Petit rappel s’il en était besoin: ce dispositif n’a pu voir le jour qu’en supprimant des milliers de postes dans les collèges et les lycées alors que son efficacité reste encore très largement à démontrer, comme vient d’ailleurs de le souligner dans une note d’analyse l’Institut néo-libéral Montaigne pourtant très proche du ministre Blanquer.

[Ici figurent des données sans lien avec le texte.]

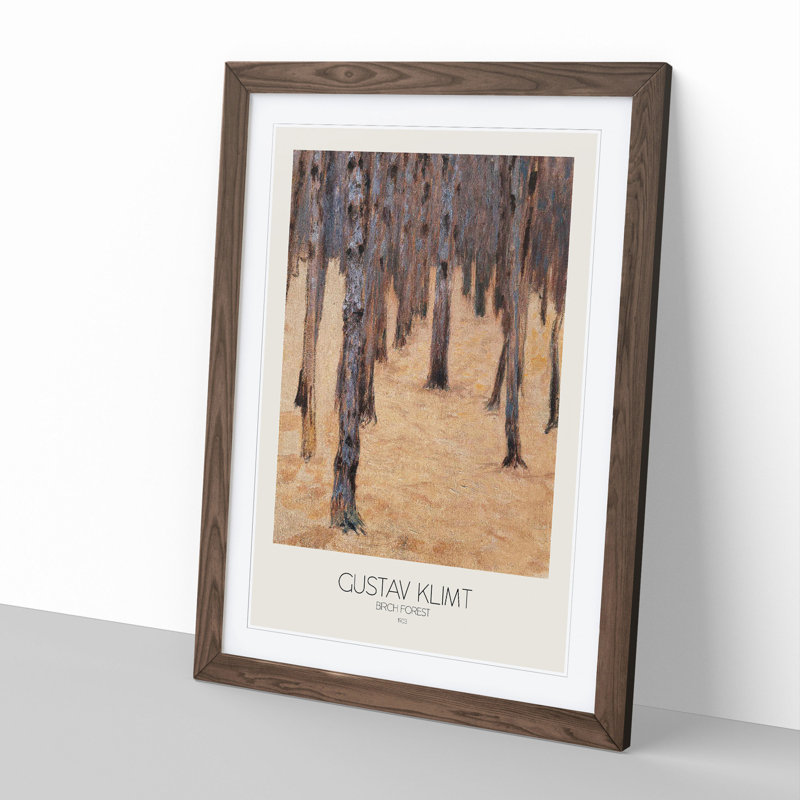 Birch Forest No.2 with Border by Gustav Klimt - Picture Frame Painting, 65cm H x 48cm W x 2cm D, Walnut Framed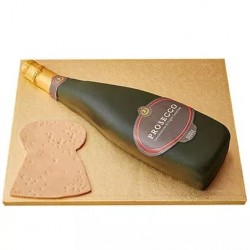 Prosecco Wine Bottle Fondant Cake	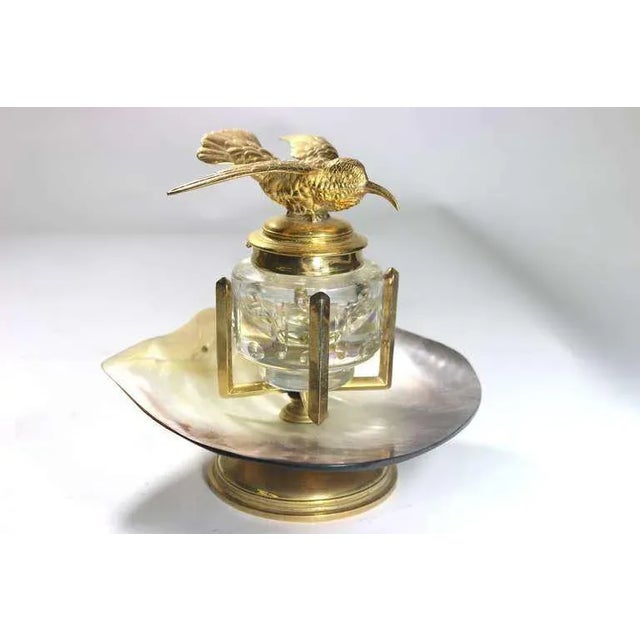 Neoclassical 19th Century Inkwell-Harkness Library Gold Hummingbird on Crystal Inkwell SeaShell Mount and Gold Pl For Sale - Image 3 of 7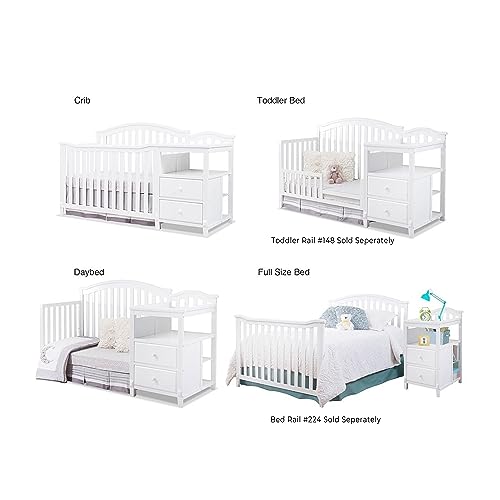 4-in-1 Convertible Crib and Changer with Storage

La mainmise ministérielle sur la liberté pédagogique des enseignants via la diffusion de guides (“petits livres oranges”) qui resteront dans les mémoires s’étend jusque dans les différentes strates de l’Institution avec des personnels régulièrement amenés, souvent au prix de leur autonomie et de leurs conceptions éducatives, à faire passer les réformes descendantes du ministre, ce qui aboutira en mai 2020 à la publication inédite d’une tribune d’une quinzaine de hauts fonctionnaires de l’Education nationale dénonçant l’autoritarisme du ministre Blanquer.
Omniprésent dans tous les médias mais évitant systématiquement les confrontations et débats pour mieux inonder l’opinion publique d’annonces sans contradiction ni contradicteur, méfiant à l’endroit des enseignants renvoyés à un statut de simples exécutants, refusant le dialogue et le compromis, adepte d’une gouvernance descendante, le ministre Blanquer pratique l’injonction et l’assertion systématiques sur l’air du “j’ai raison mais vous ne le savez pas encore”.

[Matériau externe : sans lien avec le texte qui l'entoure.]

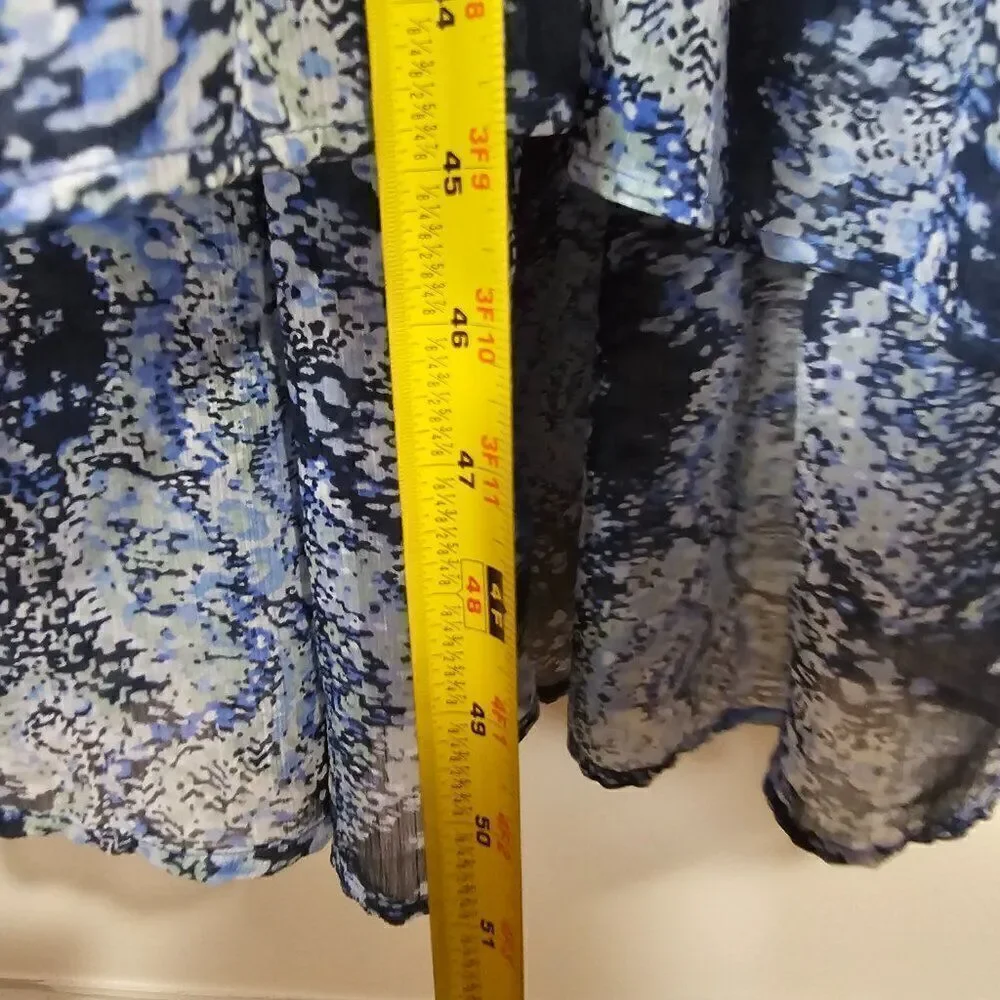 EUC JOIE PRINTED HIGH LOW MAXI DRESS V NECK LONGSLEEVES SIZE XXL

″Écoles et Covid-19: tout va bien, tout est sous contrôle”
Comment mieux résumer la gestion pour le moins chaotique de la crise sanitaire par le ministre Blanquer? Le 15 mars 2020, sur toutes les radios, sur tous les plateaux télé et dans tous les journaux, Jean-Michel Blanquer déclare au sujet de la crise de la Covid-19 et des mesures à prendre dans les écoles, collèges et lycées: “Nous sommes prêts”.

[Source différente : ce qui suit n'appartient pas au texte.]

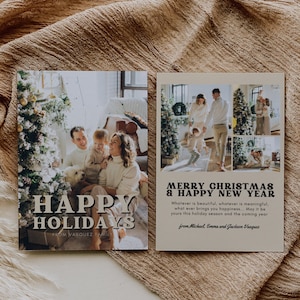 Minimal Modern Holiday Family Photo Card Template, Christmas New Year Holiday Card, Editable with Canva, Instant Download, Printable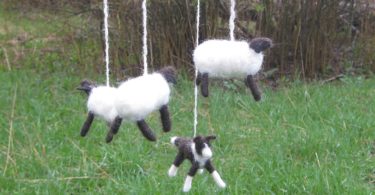 Felted Border Collie and Sheep Baby Mobile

La réalité des faits et du vécu dans les établissements balaiera les éternelles déclarations ministérielles d’auto-satisfaction.
Uniquement préoccupé par la non-fermeture des écoles au détriment de la protection sanitaire des équipes éducatives (avec un refus réitéré de vacciner les enseignants pourtant en 1ère ligne), des élèves et des familles, le ministre a géré la crise sanitaire à coups de protocoles jamais co-construits, constamment modifiés, toujours imposés et qui ont régulièrement placé les cadres intermédiaires de l’éducation nationale, les enseignants, les élèves, leurs parents et les collectivités dans des situations d’urgence et dans des contraintes sans cesse renouvelées.
Cette volonté obsessionnelle du ministre Blanquer de tout vouloir contrôler alors que tout lui échappe se retrouve par ailleurs dans une sous-évaluation chronique des chiffres du Covid-19 au sein de l’Éducation nationale, accentuant un peu plus le décalage entre les discours du ministre et la réalité de la pandémie dans les établissements scolaires, générant une suspicion jusque dans les rangs des causementaires de l’actuelle majorité.
À ce manque d’anticipation, à cette cacophonie et à cette improvisation récurrente vient s’ajouter le camouflet infligé au ministre par le président Macron quand, le 12 juillet, ce dernier annonce qu’il y aura bien une vaccination pour les collégiens et les lycéens à la rentrée de septembre, alors que quelques jours auparavant, Jean-Michel Blanquer déclarait que la vaccination sur le temps scolaire “désorganiserait le système et diminuerait le temps d’enseignement”.
Un “quinquennat Blanquer” d’hyper-fragilisation de notre École en termes de moyens, de caporalisation des personnels, d’aggravation des inégalités et de suppression de tout dialogue social avec les enseignants comme avec les familles: pour 2022, il est grand temps de tracer un nouvel horizon pour l’École de la République, il est grand temps de rendre enfin accessible une École qui tienne la promesse républicaine de démocratisation de la réussite, autour d’orientations et de valeurs qui portent un véritable projet de société.